## WHAT YOU ARE ASKED TO DO
Every record needs to come back as written, except for the pictures.
────────────────
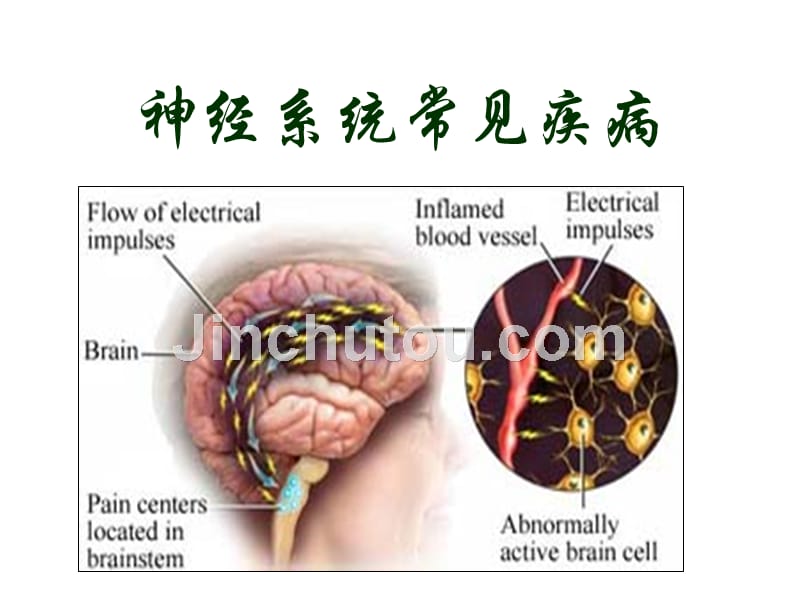 神经系统常见疾病ppt_第1页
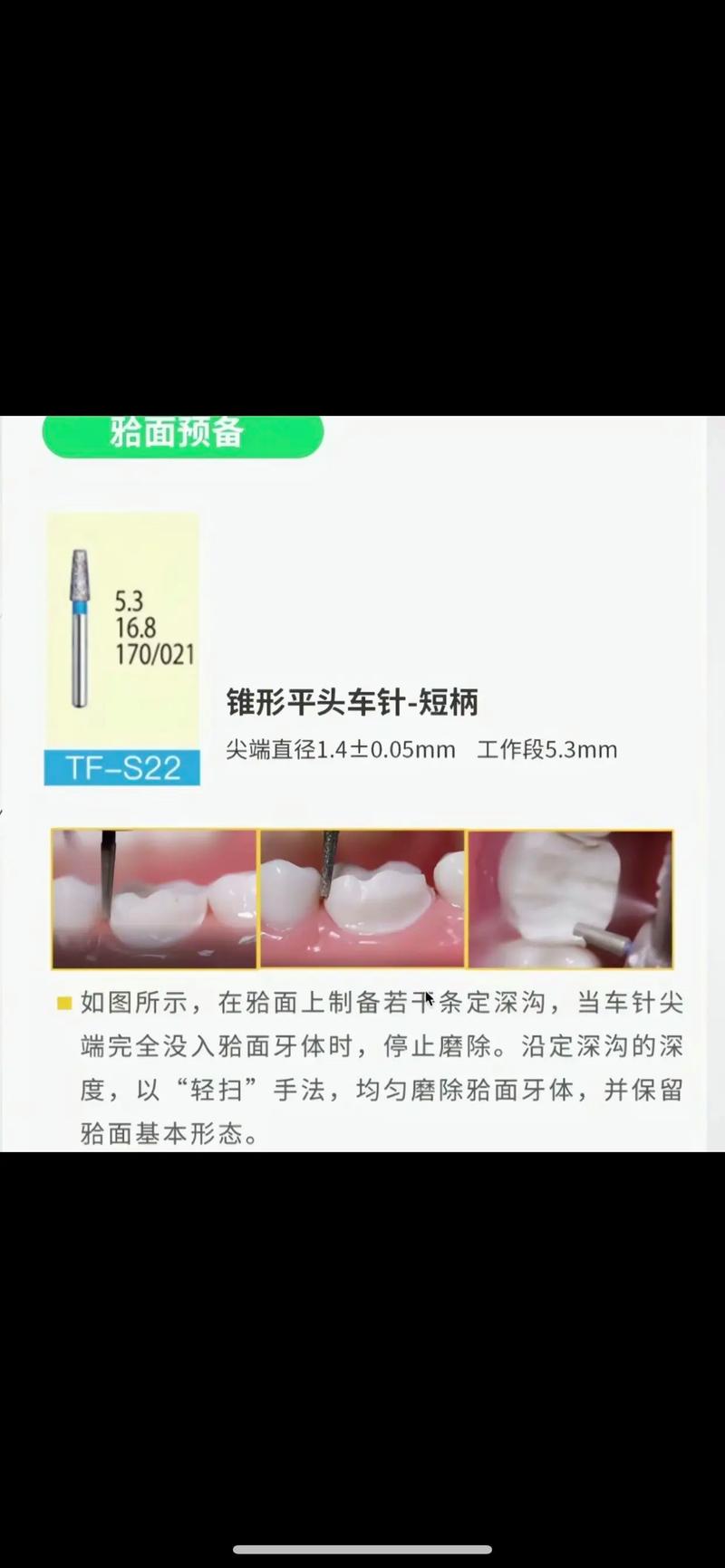 牙体预备光滑连续的方法-图1 牙体预备光滑连续的方法-图1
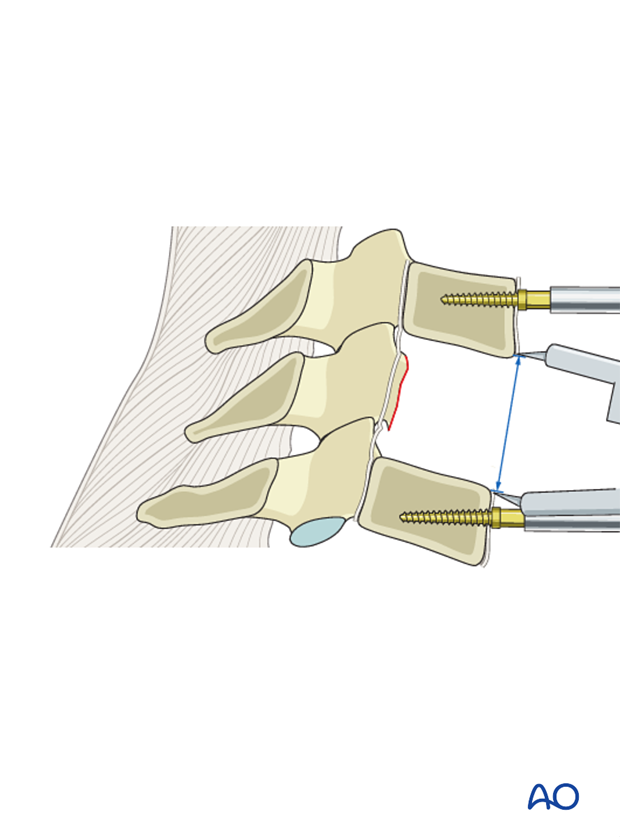 anterior plating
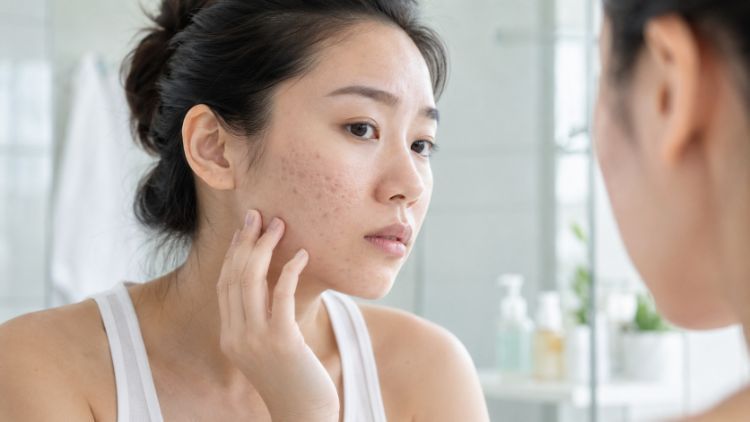 Điều trị sẹo kết hợp cải thiện da cần đúng mục tiêu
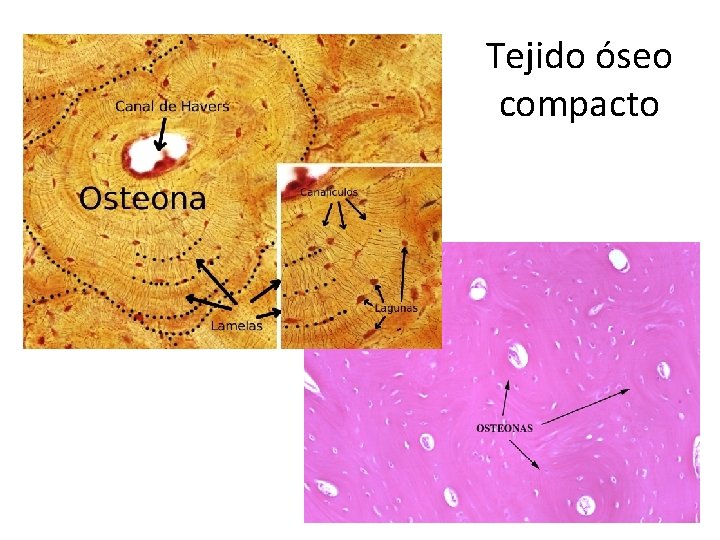 Tejido óseo compacto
────────────────
## OUTPUT FOR THIS TASK
 神经系统常见疾病ppt_第1页
 牙体预备光滑连续的方法-图1 牙体预备光滑连续的方法-图1
 anterior plating
 Điều trị sẹo kết hợp cải thiện da cần đúng mục tiêu
 Tejido óseo compacto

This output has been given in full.